The same thing happened a second time; Mr. Estes was denied housing again when the same tenant screening company reported the same expunged eviction record.





For the Consumer Financial Protection Bureau:

The Consumer Financial Protection Bureau should take action to stop tenant and employment screening companies from denying consumers their chance at fresh start in accessing employment and housing by:

  • Issuing guidance stating that reporting public records that are sealed, expunged, or subject to similar relief may contravene section 1681e(b) of the FCRA. The CFPB should make clear that a CRA violates this section of the Act where it fails to follow reasonable procedures to assure that the information contained in its screening reports reflects the current public record status of a consumer’s information and then reports criminal or eviction records that have been sealed, expunged, or subject to similar relief.(1)
  • Issuing guidance clarifying that a CRA violates section 1681k of the FCRA if it fails to maintain strict procedures to ensure that the information contained in its employment screening reports is complete and up to date and then reports criminal records that have been sealed, expunged, or subject to similar relief.(2)
  • Collaborating with the Federal Trade Commission to investigate and bring enforcement actions against tenant and employment screening companies that report court records that have been sealed, expunged, or subject to similar relief in violation of the FCRA.

For states:

In addition to enacting legislation that allows for sealing or expungement of certain criminal and eviction records, states should take action to ensure that any records that have been sealed or expunged do not continue to harm consumers. In particular, states should:

  • Promptly remove from all public records databases any court records that have been sealed, expunged, or subject to similar relief.
  • Require companies that purchase or otherwise obtain court records information electronically to have procedures for ensuring that sealed and expunged records are promptly deleted from their files and databases, and require these companies to ensure that their customers and other third-party recipients also properly delete records.(3)
  • Regularly audit companies that purchase or otherwise obtain court records information electronically to ensure that they are promptly removing sealed and expunged records, and impose consequences—such as the revocation of the privilege to subscribe to records information in bulk—on companies that fail such audits.(4)
  • Prohibit employers and housing providers from reviewing, using, considering or asking questions about court records that have been sealed, expunged, or subject to similar relief when deciding whether to hire a prospective employee or rent to a prospective tenant.
  • Through their attorneys general, which have enforcement authority under the FCRA, investigate and bring enforcement actions against tenant and employment screening companies that report court records that have been sealed, expunged, or subject to similar relief.

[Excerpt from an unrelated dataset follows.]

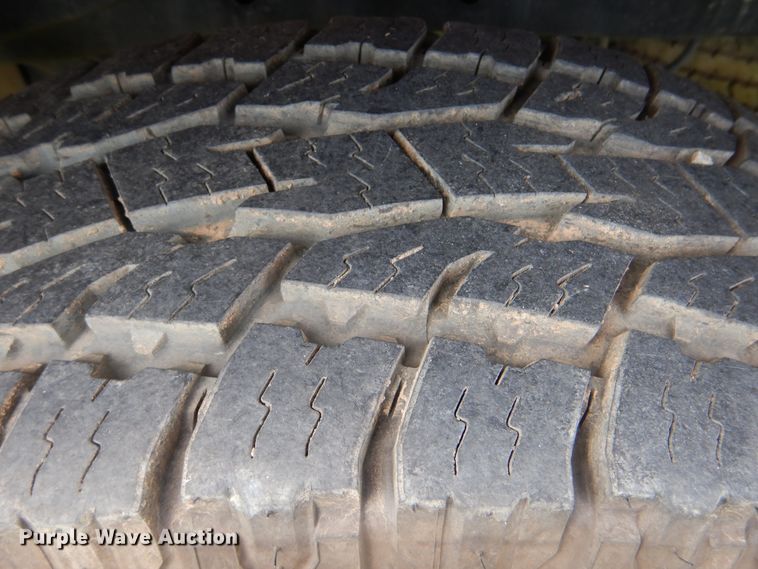 image for item DI0364 2011 Ford F150 XL  pickup truck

For more information, contact Ariel Nelson, National Consumer Law Center Attorney (, and Caroline Cohn, Equal Justice Works Fellow sponsored by Nike, Inc. (

  Read about reinstating suspended driver's licenses in Kansas and other driver's license issues.                                                                                   

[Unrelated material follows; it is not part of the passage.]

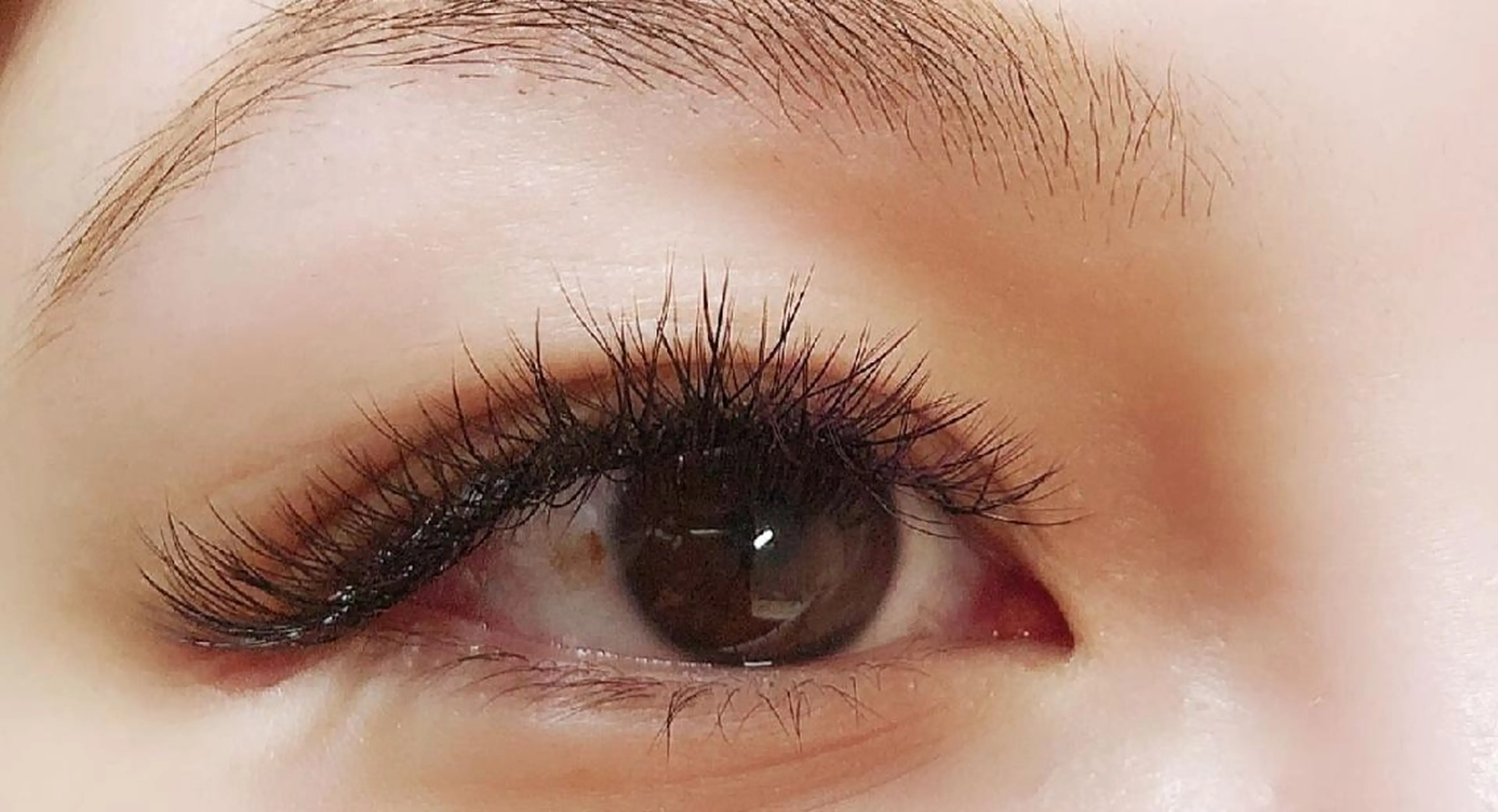 マツエク・マツパ eyelashsalon YOU&ME所属・♥️YOU&ME♥️ マスミのマツエク・マツパデザイン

1 Such guidance would be consistent with the position both the Consumer Financial Protection Bureau (CFPB) and the Federal Trade Commission have taken in previous enforcement actions. See Consent Order at 5–7, Gen. Info. Servs., Inc., 2015-CFPB-0028 (2015); Complaint ¶ 13, U.S. v. HireRight Solutions, Inc., 12-cv-01313 (D.D.C. Aug. 8, 2012).

2 Such guidance would be consistent with the CFPB’s position in previous enforcement actions. See Gen. Info. Servs., Inc., supra note 1, at 7–8.

3 For more context about how this recommendation has been implemented in court systems that permit companies to buy or subscribe to court records information in bulk, see Consumer Fin. Prot. Bureau, Market Snapshot: Background Screening Reports 16 (2019); Ariel Nelson, National Consumer Law Center, Broken Records Redux: How Errors by Criminal Background Check Companies Continue to Harm Consumers Seeking Jobs and Housing 23, 39 (2019).

4 See Consumer Fin. Prot. Bureau, supra note 3, at 16; Nelson, supra note 3, at 39.